1.the string abc as a regular expression by enclosing the string in slashes:
while (<>) {
if (/abc/) {
print $_;
}
}
2.dot "." pattern
This matches any single character except newline (\n). For example, the pattern /a./ matches any two-letter sequence
that starts with a and is not "a\n".
3.A pattern-matching character class
open and close square brackets and a list of characters between the brackets. One and only one of these characters
must be present at the corresponding part of the string for the pattern to match. For example,
/[abcde]/
[0123456789] # match any single digit
[0-9] # same thing
[0-9\-] # match 0-9, or minus
[a-z0-9] # match any single lowercase letter or digit
[a-zA-Z0-9_] # match any single letter, digit, or underscore
There's also a negated character class, which is the same as a character class, but has a leading up-arrow
(or caret: ^) immediately after the left bracket. (if caret ^ is not right after the left bracket,then it means starting with)This character class matches any single character that is
not in the list. For example:
[^0-9] # match any single non-digit
[^aeiouAEIOU] # match any single non-vowel
[^\^] # match single character except an up-arrow
Predefined Character Class Abbreviations
Construct Equivalent Class Negated Construct Equivalent Negated Class
\d (a digit) [0-9] \D (digits, not!) [^0-9]

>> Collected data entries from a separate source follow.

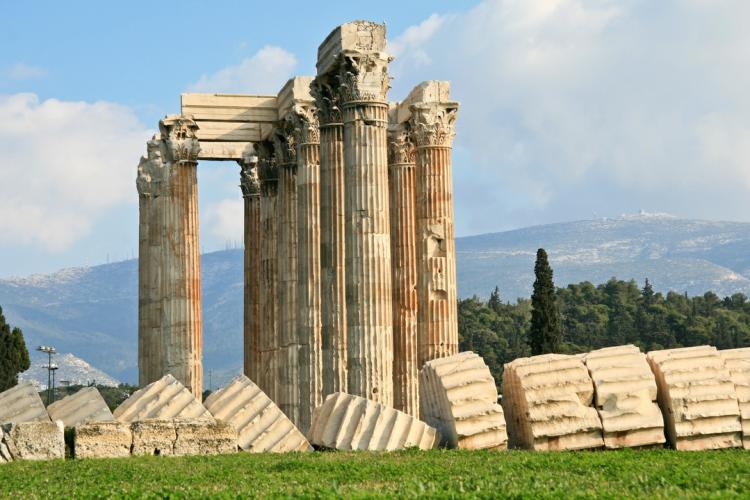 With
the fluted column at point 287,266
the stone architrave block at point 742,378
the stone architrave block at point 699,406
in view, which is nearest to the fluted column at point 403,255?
the fluted column at point 287,266

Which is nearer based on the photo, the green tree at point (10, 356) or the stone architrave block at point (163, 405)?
the stone architrave block at point (163, 405)

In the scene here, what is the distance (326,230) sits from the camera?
4044 cm

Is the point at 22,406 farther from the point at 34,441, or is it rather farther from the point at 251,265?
the point at 251,265

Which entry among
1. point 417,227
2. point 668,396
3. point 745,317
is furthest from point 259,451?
point 745,317

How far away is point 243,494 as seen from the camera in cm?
2088

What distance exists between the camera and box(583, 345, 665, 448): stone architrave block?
28594mm

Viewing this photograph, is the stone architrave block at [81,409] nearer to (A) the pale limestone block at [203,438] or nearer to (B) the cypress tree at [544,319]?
(A) the pale limestone block at [203,438]

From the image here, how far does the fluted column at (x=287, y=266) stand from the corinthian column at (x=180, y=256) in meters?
2.68

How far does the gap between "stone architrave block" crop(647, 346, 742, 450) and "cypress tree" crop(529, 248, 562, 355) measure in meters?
46.1

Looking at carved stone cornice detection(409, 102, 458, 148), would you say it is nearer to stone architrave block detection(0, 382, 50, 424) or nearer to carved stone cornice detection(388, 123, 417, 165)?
carved stone cornice detection(388, 123, 417, 165)

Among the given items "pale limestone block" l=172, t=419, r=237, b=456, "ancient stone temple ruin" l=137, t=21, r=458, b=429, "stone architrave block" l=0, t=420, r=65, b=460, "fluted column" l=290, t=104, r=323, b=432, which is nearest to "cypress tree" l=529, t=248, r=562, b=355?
"ancient stone temple ruin" l=137, t=21, r=458, b=429

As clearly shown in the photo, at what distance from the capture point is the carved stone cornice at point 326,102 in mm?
39656

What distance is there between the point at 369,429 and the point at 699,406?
652 cm

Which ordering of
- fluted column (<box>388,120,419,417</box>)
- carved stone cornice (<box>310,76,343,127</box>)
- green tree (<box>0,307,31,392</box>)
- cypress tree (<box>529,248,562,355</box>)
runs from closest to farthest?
carved stone cornice (<box>310,76,343,127</box>) → fluted column (<box>388,120,419,417</box>) → cypress tree (<box>529,248,562,355</box>) → green tree (<box>0,307,31,392</box>)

\w (word char) [a-zA-Z0-9_] \W (words, not!) [^a-zA-Z0-9_]
\s (space char) [ \r\t\n\f] \S (space, not!) [^ \r\t\n\f]
4. Multipliers
asterisk (*) as a grouping pattern. The asterisk indicates zero or more of the
immediately previous character (or character class).

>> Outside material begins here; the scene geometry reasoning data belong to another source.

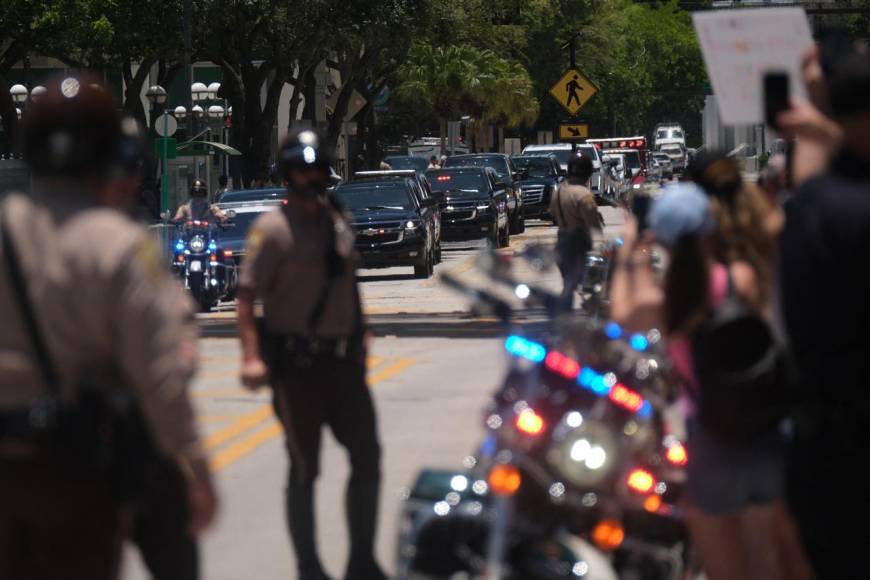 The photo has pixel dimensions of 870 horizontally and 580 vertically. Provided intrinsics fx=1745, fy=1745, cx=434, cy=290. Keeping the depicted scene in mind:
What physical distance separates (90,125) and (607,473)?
6.46ft

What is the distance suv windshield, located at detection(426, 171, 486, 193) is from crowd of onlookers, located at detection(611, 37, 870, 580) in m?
32.6

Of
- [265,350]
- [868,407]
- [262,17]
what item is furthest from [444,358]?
[262,17]

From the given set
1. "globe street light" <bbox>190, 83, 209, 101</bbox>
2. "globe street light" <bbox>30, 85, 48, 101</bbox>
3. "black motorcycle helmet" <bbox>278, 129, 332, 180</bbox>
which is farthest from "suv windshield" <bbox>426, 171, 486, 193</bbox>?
"black motorcycle helmet" <bbox>278, 129, 332, 180</bbox>

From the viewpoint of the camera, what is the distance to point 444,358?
54.2 feet

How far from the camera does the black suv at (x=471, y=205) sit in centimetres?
3781

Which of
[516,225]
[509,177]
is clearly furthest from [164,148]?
[516,225]

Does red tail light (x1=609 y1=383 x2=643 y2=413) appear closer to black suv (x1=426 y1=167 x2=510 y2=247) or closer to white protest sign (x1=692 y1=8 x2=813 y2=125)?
white protest sign (x1=692 y1=8 x2=813 y2=125)

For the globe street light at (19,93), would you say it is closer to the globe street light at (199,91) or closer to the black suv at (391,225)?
the globe street light at (199,91)

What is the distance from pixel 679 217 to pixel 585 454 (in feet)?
2.55

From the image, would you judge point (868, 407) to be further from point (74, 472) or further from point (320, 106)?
point (320, 106)

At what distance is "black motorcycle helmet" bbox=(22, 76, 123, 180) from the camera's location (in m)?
4.33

Two other grouping patterns that work like this are the plus sign (+), meaning one or more of the
immediately previous character, and the question mark (?), meaning zero or one of the immediately
previous character. For example, the regular expression /fo+ba?r/ matches an f followed by one or
more o's followed by a b, followed by an optional a, followed by an r.
the general multiplier. The general multiplier consists of a pair of matching curly braces with one or two numbers
inside, as in /x{5,10}/
We could dispense with *, +, and ? entirely, since they are completely equivalent to {0,}, {1,}, and
{0,1}. But it's easier to type the equivalent single punctuation character, and more familiar as well.
If two multipliers occur in a single expression, the greedy rule is augmented with "leftmost is greediest."
For example:
$_ = "a xxx c xxxxxxxx c xxx d";
/a.*c.*d/;
In this case, the first ".*" in the regular expression matches all characters up to the second c, even
though matching only the characters up to the first c would still allow the entire regular expression to
match. Right now, this doesn't make any difference (the pattern would match either way), but later when
we can look at parts of the regular expression that matched, it'll matter quite a bit.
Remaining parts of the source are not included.